Requirement:
Write the records out again, unchanged.

Record set:
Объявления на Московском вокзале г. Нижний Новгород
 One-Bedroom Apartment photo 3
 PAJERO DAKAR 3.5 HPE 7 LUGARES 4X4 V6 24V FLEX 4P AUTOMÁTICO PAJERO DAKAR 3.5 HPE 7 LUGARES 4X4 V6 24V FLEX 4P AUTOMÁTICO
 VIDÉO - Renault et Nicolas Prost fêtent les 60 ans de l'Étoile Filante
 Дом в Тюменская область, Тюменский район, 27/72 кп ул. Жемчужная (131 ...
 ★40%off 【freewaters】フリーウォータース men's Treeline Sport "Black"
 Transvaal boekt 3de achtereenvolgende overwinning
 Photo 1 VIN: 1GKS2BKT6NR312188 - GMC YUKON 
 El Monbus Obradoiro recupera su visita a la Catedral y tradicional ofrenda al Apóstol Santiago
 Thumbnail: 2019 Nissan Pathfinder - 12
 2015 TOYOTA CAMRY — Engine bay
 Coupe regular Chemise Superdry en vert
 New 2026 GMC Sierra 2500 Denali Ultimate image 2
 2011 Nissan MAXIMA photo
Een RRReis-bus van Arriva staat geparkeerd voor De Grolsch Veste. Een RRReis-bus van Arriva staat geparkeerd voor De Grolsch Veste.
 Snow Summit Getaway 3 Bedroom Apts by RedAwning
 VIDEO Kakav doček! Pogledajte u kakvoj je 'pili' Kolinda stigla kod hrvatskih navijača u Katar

Solution to this problem:
Объявления на Московском вокзале г. Нижний Новгород
 One-Bedroom Apartment photo 3
 PAJERO DAKAR 3.5 HPE 7 LUGARES 4X4 V6 24V FLEX 4P AUTOMÁTICO PAJERO DAKAR 3.5 HPE 7 LUGARES 4X4 V6 24V FLEX 4P AUTOMÁTICO
 VIDÉO - Renault et Nicolas Prost fêtent les 60 ans de l'Étoile Filante
 Дом в Тюменская область, Тюменский район, 27/72 кп ул. Жемчужная (131 ...
 ★40%off 【freewaters】フリーウォータース men's Treeline Sport "Black"
 Transvaal boekt 3de achtereenvolgende overwinning
 Photo 1 VIN: 1GKS2BKT6NR312188 - GMC YUKON 
 El Monbus Obradoiro recupera su visita a la Catedral y tradicional ofrenda al Apóstol Santiago
 Thumbnail: 2019 Nissan Pathfinder - 12
 2015 TOYOTA CAMRY — Engine bay
 Coupe regular Chemise Superdry en vert
 New 2026 GMC Sierra 2500 Denali Ultimate image 2
 2011 Nissan MAXIMA photo
Een RRReis-bus van Arriva staat geparkeerd voor De Grolsch Veste. Een RRReis-bus van Arriva staat geparkeerd voor De Grolsch Veste.
 Snow Summit Getaway 3 Bedroom Apts by RedAwning
 VIDEO Kakav doček! Pogledajte u kakvoj je 'pili' Kolinda stigla kod hrvatskih navijača u Katar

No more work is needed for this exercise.